Mais l’impact pourrait être plus important pour les pré-enseignes dérogatoires, souvent aux mains d'acteurs locaux. «Nous avons dû baisser nos tarifs, et notre chiffre d’affaires est en baisse sur le marché local», constate Jean-François Curtil, PDG d’Exterion Media (ex-CBS Outdoor). L'afficheur, qui réalise 70% de son chiffre d'affaires dans les marchés locaux, a d’ailleurs relancé en janvier sa vénérable marque Giraudy, précisément pour se repositionner sur ce type marché.

Hubs de communication

Autre évolution du cadre réglementaire pour le secteur, un amendement à la loi Macron autorise les publicités grand format (4x3m) dans les stades de plus 15 000 places (et non 30 000 comme il était prévu en vue de l'Euro 2016), dont ceux que l'on trouve hors agglomération. Une manne potentielle pour les mairies et les exploitants: du coup, «nul doute que les décrets seront adoptés d’ici l’Euro», souligne Stéphane Dottelonde, président de de l'Union de la publicité extérieure (UPE). «Les investissements ont augmenté dans les nouveaux transports urbains», constate Albert Asseraf, directeur général stratégie, études et marketing de JC Decaux.

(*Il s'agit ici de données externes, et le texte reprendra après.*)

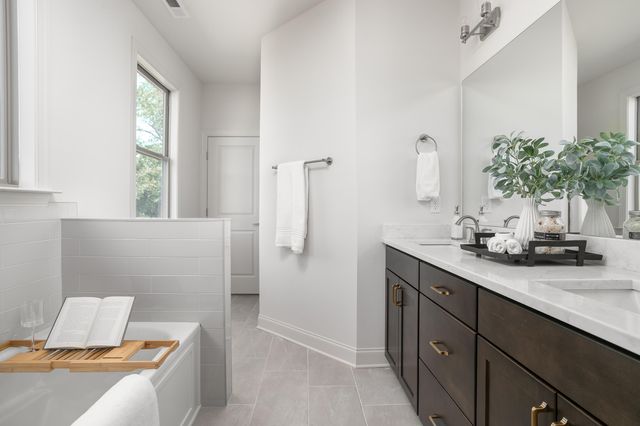 1230 Little Sorrel Road 52, Hixson, TN 37343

Logique, alors que le trafic explose dans ces zones de passage (aéroports, gares, transports urbains tels que les tramways), «ils deviennent des hubs de communication, où le mobilier urbain se développe», précise Philippe Baudillon.

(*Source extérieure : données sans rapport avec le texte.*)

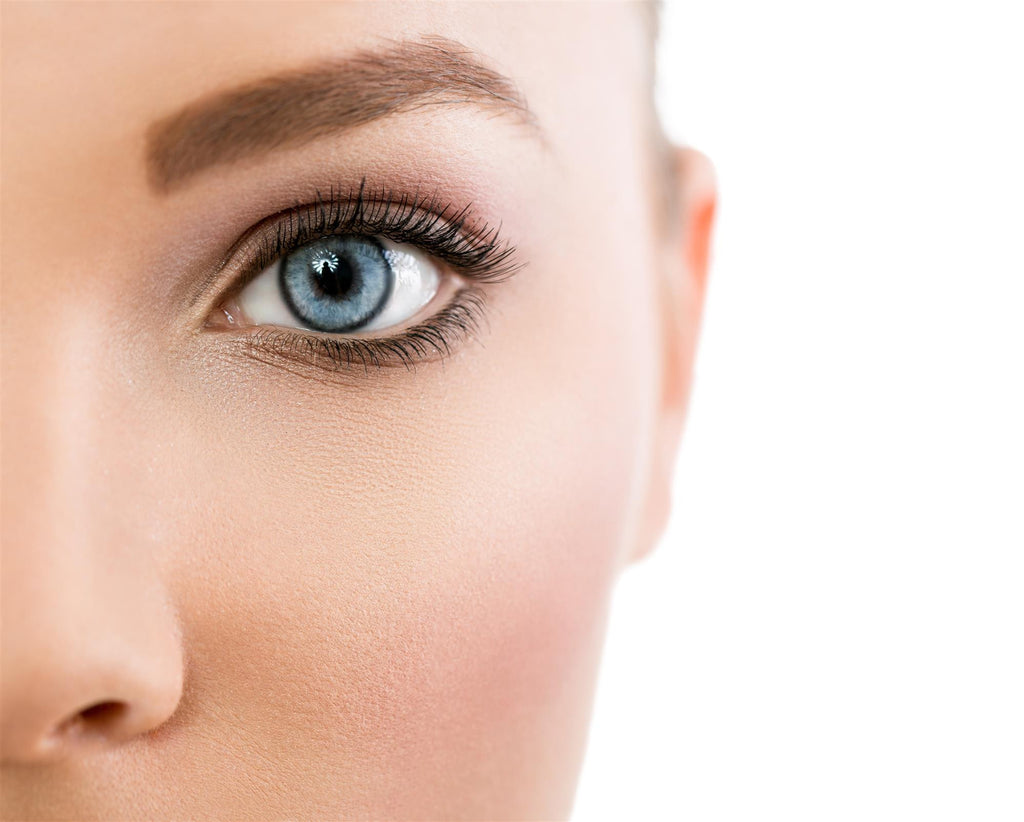 7 Ways To Get Dark Under Eye Circles Disappear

Quant à  l’affichage numérique («out of home», ou OOH digital), il a dynamisé le secteur même s'il ne représente encore que 6% des investissements. «Mais il est encore soumis à l’autorisation préalable donnée au cas par cas par les mairies, ainsi Paris l’interdit», rappelle Stéphae Dottelonde. Preuve de son importance, JC Decaux, Clear Channel, Exterion Media et APG-SGA (Suisse) planchent sur un système commun de mesure d'audience pour l'affichage numérique, attendu d’ici à fin 2015. Objectif: fournir aux annonceurs les mêmes indicateurs que pour l’affichage traditionnel. Par ailleurs, Metrobus a lancé fin avril un outil de mesure d'audience de l'OOH digital dans le métro et le RER parisiens. Il est étudié par le Centre d'étude des supports de publicité (CESP).

Contextualisation des contenus grâce au digital

L’affichage digital a aussi fait évoluer la créativité. La campagne pour le lancement de Netflix, en novembre 2014, déclinée dans le métro de Paris sous forme de publicités vidéos contextualisées de 6 secondes, a marqué les esprits. «Avec ces nouveaux formats digitaux, on voit émerger de nouvelles formes d’écritures. De plus en plus d’agences travaillent sur l’animation d’un écran à l’autre, selon les lieux ou les moments de la journée, explique Albert Asseraf. Avec ces écrans digitaux et la data sur les déplacements et les flux de mobilité, on peut mieux contextualiser nos contenus.»

Les afficheurs développent également des opérations spectaculaires autour de murs d’écrans digitaux. Clear Channel a ainsi déployé Digital Dream depuis 2013, un dispositif comprenant trois écrans géants de 250 m² installés place du Dôme, dans le centre commercial Les 4 Temps de La Défense. Le dernier annonceur en date n’est autre que Chanel. Effet immersif garanti.